## Required work
All of the data that follows should be output again without any alteration.

## Dataset items
=== Begin Enclosure ===
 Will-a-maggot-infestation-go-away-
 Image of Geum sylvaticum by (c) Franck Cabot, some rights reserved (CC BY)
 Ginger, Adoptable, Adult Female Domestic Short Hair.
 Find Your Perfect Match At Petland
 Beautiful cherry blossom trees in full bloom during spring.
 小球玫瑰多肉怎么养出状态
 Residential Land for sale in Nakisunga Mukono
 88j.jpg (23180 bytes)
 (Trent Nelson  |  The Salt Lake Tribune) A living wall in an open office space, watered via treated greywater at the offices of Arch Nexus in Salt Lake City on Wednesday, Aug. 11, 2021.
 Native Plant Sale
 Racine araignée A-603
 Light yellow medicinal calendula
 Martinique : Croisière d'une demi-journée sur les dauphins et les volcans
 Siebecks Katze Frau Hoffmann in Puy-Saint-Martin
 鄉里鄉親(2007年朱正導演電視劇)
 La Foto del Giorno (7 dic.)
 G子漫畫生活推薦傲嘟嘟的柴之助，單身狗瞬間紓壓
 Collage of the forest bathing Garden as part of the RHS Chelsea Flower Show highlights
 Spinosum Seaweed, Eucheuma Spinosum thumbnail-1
=== End Enclosure ===
## Written response
 Will-a-maggot-infestation-go-away-
 Image of Geum sylvaticum by (c) Franck Cabot, some rights reserved (CC BY)
 Ginger, Adoptable, Adult Female Domestic Short Hair.
 Find Your Perfect Match At Petland
 Beautiful cherry blossom trees in full bloom during spring.
 小球玫瑰多肉怎么养出状态
 Residential Land for sale in Nakisunga Mukono
 88j.jpg (23180 bytes)
 (Trent Nelson  |  The Salt Lake Tribune) A living wall in an open office space, watered via treated greywater at the offices of Arch Nexus in Salt Lake City on Wednesday, Aug. 11, 2021.
 Native Plant Sale
 Racine araignée A-603
 Light yellow medicinal calendula
 Martinique : Croisière d'une demi-journée sur les dauphins et les volcans
 Siebecks Katze Frau Hoffmann in Puy-Saint-Martin
 鄉里鄉親(2007年朱正導演電視劇)
 La Foto del Giorno (7 dic.)
 G子漫畫生活推薦傲嘟嘟的柴之助，單身狗瞬間紓壓
 Collage of the forest bathing Garden as part of the RHS Chelsea Flower Show highlights
 Spinosum Seaweed, Eucheuma Spinosum thumbnail-1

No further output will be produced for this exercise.